True Haus is reputable also and Alta-Tollhaus is fantastic as well.

Now you just need to figure out if you want show or working line. That will narrow your search a bit more.


----------



## Lakl (Jul 23, 2011)

PM sent.


----------



## neupane00 (Mar 7, 2010)

okay guys, here is the complete list of litters/breeders i am considering. any thoughts. like i said PM is ok if u wanna msg me in private. 

1) vom Gildaf German Shepherds and McQueen Border Collies -
2) Vom Landholz Puppies
3) Adler Stein Kennels-German-Shepherds-Puppies-Los-Angeles, German-Sheperds-Southern-California
4) Zu Treuen Händen
5) Puppies for sale
6) German Shepherd Dog, True Haus Kennels DDR
7) Pittsburgh dog training and German Shepherd Dogs


----------



## GSDBESTK9 (Mar 26, 2002)

What type of GSD are you looking for? Where are you located?


----------



## gagsd (Apr 24, 2003)

You might want to consider if the kennels will consider you, as well.


----------



## neupane00 (Mar 7, 2010)

Solid nerve. Working line. Not overly active. Thank u again.


----------



## Freestep (May 1, 2011)

"Not overly active" ... most GSDs are active, especially working lines. What are you looking for specifically in regard to activity level?

I know True Haus, they are good people who stand by their dogs. Great working bloodlines, but if you're looking for "not overly active", you might want to ask them a lot of questions.


----------



## BlackthornGSD (Feb 25, 2010)

The first and last are German conformation lines.

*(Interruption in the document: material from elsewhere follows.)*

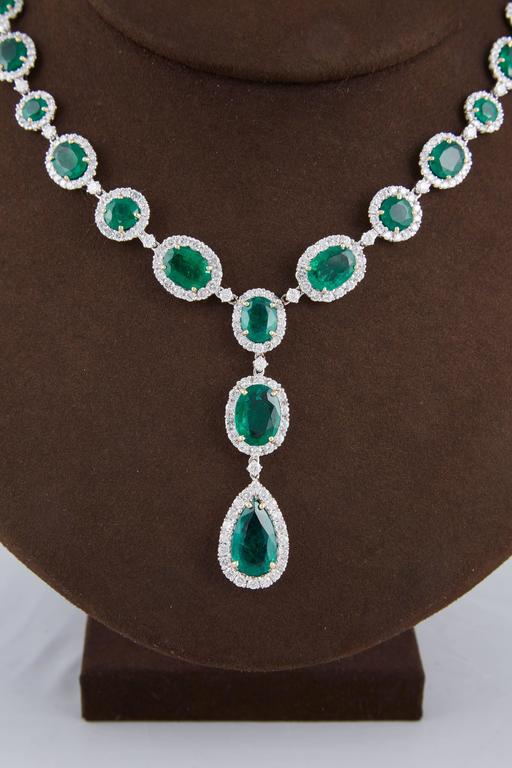 Emerald Diamond White Gold Necklace For Sale at 1stDibs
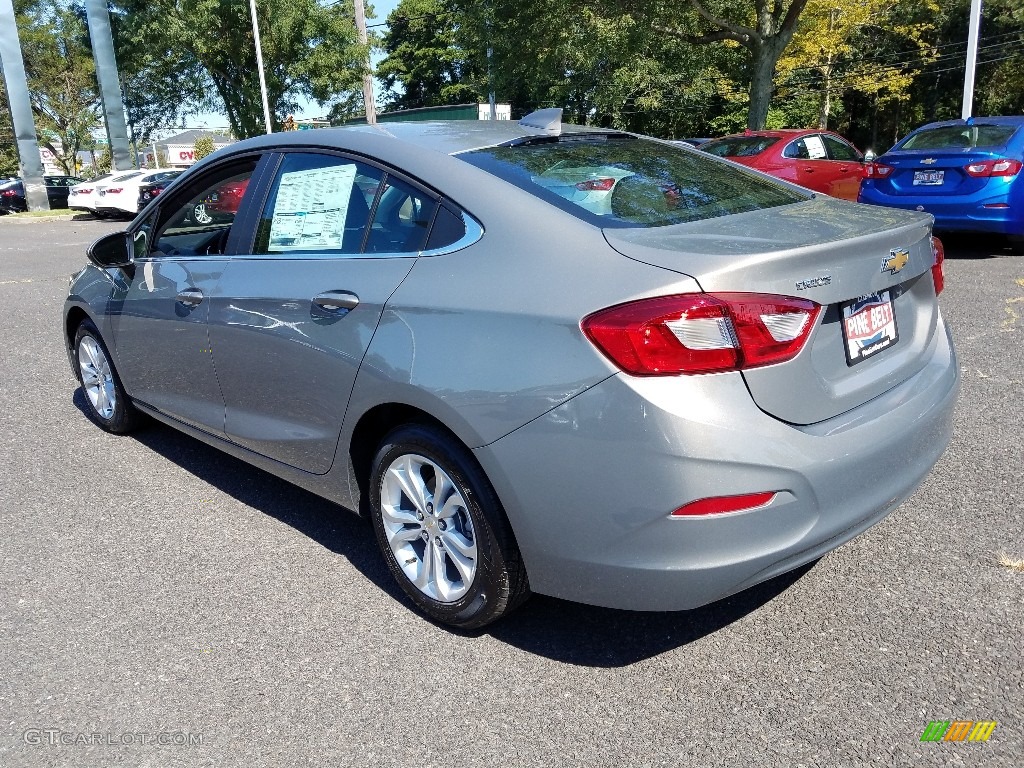 2019 Cruze LT - Pepperdust Metallic / Black photo #4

The middle two are working lines.


----------



## suzzyq01 (Feb 15, 2011)

I dunno, but I really like the True Haus dogs. I will watch them for a future pup for myself.


----------



## LukasGSD (May 18, 2011)

I have a True Haus pup and he is fantastic. I would recomend them in a heart-beat. They are a pleasure to work with and as said above, they stand by their dogs.


----------



## neupane00 (Mar 7, 2010)

gagsd said:


> You might want to consider if the kennels will consider you, as well.

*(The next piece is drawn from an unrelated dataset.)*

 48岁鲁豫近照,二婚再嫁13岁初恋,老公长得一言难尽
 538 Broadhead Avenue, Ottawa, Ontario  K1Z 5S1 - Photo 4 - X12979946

Good point. As i see it im experienced dog owner.. all my dogs in past have gotten competition level obedience training, or agility.
with new dog, he is not only going to be my best friend but also training with national level schutzhund trainer (already agreed on, and we were going to import dog. but i insisted getting locally from US).. and have a good home/yard/family. If i dont qualify with certain breeder, i will try for next i guess. hopefully someone will consider me  but u r right. works both ways.


----------



## neupane00 (Mar 7, 2010)

Freestep said:


> "Not overly active" ... most GSDs are active, especially working lines. What are you looking for specifically in regard to activity level?
> 
> I know True Haus, they are good people who stand by their dogs. Great working bloodlines, but if you're looking for "not overly active", you might want to ask them a lot of questions.


Thank u. by not overly active. i really meant solid nerve. As i have learned (and i am not 100% comfortable with GSD lines). as i have learned, well bred, GOOD NERVE dog will know when to shut down. 

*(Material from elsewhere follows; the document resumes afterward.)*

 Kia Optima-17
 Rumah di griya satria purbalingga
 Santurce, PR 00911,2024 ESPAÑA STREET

I understand there is a fine line between "hyper active" dog and good drive dog. I am just not looking for mali in GSD body. Dont get me wrong mali is great breed just not for me. 

***--> Hmm true haus.. Comes up quite often here. are they member here? i tried to email them got nothing back. So actually i was worried if they are one of the breeder who are really hard to get hold of. For me good relationship and caring/knowledgeable breeder is important.


----------



## Hillary_Plog (Apr 3, 2011)

I go to training every weekend with Melinda from vom Gildaf. 

Her dogs are outstanding (beautiful working lines with exceptional character), her breeding program is top notch, and above all, she is a fantastic dog handler...very knowledgeable, patient and experienced.


----------



## Freestep (May 1, 2011)

neupane00 said:


> ***--> Hmm true haus.. Comes up quite often here. are they member here? i tried to email them got nothing back. So actually i was worried if they are one of the breeder who are really hard to get hold of. For me good relationship and caring/knowledgeable breeder is important.


As far as I know, they do not post here. I know they get very busy, between work and training and everything else, so I would not expect them to get back to you immediately. But once you have indicated a serious interest and established a good rapport with them, they will not leave you hanging.

The dogs I have seen of their breeding have good nerve, high drive, some are more excitable than others, but all seem very biddable and pleasantly resilient.


----------



## Josie/Zeus (Nov 6, 2000)

re: Alta Tollhaus

The U liter did not pan out- Pregnancy Update | Long-Dangerous Tails

Maika is not pregnant-

From what you're looking for, I think Zucca-Gavin pairing would be perfect. Zucca is very laid back and Gavin is a stud, he is one fine looking dog. 

I like pretty dogs, you know black/red that can absolutely do the work, but at the same time be a companion to us and not a nutcase 24/7.


----------



## Jessiewessie99 (Mar 6, 2009)

Josie/Zeus said:


> re: Alta Tollhaus
> 
> The U liter did not pan out- Pregnancy Update | Long-Dangerous Tails
> 
> ...


Zucca is gorgeous! Isn't Gavin owned by a member here on the board?He is quite the looker as well.


----------



## Josie/Zeus (Nov 6, 2000)

Yes, he is owned by LARHAGE.


----------



## SitUbuSit (Aug 1, 2011)

Josie/Zeus said:


> re: Alta Tollhaus
> 
> From what you're looking for, I think Zucca-Gavin pairing would be perfect. Zucca is very laid back and Gavin is a stud, he is one fine looking dog.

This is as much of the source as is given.